_Problem to work on:_ All lines from the one containing "this 520×336 image." through the end of the data below must be reproduced exactly, and no others.

_Available data:_
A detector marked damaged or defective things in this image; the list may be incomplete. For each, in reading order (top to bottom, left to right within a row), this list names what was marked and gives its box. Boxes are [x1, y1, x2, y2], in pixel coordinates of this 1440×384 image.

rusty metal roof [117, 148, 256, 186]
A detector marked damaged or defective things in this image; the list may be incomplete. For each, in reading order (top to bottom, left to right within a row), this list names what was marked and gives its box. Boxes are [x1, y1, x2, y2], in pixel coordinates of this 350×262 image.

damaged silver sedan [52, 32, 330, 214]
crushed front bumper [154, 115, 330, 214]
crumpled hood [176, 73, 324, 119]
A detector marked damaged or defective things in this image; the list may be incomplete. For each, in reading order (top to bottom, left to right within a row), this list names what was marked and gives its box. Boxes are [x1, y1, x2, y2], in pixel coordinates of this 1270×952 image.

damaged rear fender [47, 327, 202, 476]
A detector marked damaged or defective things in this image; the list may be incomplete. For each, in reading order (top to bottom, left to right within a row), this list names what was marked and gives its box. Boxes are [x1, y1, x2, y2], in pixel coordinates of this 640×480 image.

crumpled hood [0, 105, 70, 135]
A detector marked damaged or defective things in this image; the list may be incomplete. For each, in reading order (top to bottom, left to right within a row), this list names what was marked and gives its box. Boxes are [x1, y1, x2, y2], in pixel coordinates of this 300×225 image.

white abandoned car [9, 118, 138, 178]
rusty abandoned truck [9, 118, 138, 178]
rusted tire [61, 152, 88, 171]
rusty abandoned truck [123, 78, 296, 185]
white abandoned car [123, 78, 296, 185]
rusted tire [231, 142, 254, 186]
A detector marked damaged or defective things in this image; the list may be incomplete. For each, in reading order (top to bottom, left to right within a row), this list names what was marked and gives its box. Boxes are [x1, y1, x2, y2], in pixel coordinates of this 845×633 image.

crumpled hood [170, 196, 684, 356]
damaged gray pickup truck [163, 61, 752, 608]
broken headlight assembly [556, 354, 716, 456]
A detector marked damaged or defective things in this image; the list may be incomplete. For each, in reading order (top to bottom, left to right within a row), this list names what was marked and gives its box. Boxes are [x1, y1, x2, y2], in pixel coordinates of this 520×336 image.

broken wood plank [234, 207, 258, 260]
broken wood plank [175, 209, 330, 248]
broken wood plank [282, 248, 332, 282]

_Answer:_
A detector marked damaged or defective things in this image; the list may be incomplete. For each, in reading order (top to bottom, left to right within a row), this list names what was marked and gives its box. Boxes are [x1, y1, x2, y2], in pixel coordinates of this 520×336 image.

broken wood plank [234, 207, 258, 260]
broken wood plank [175, 209, 330, 248]
broken wood plank [282, 248, 332, 282]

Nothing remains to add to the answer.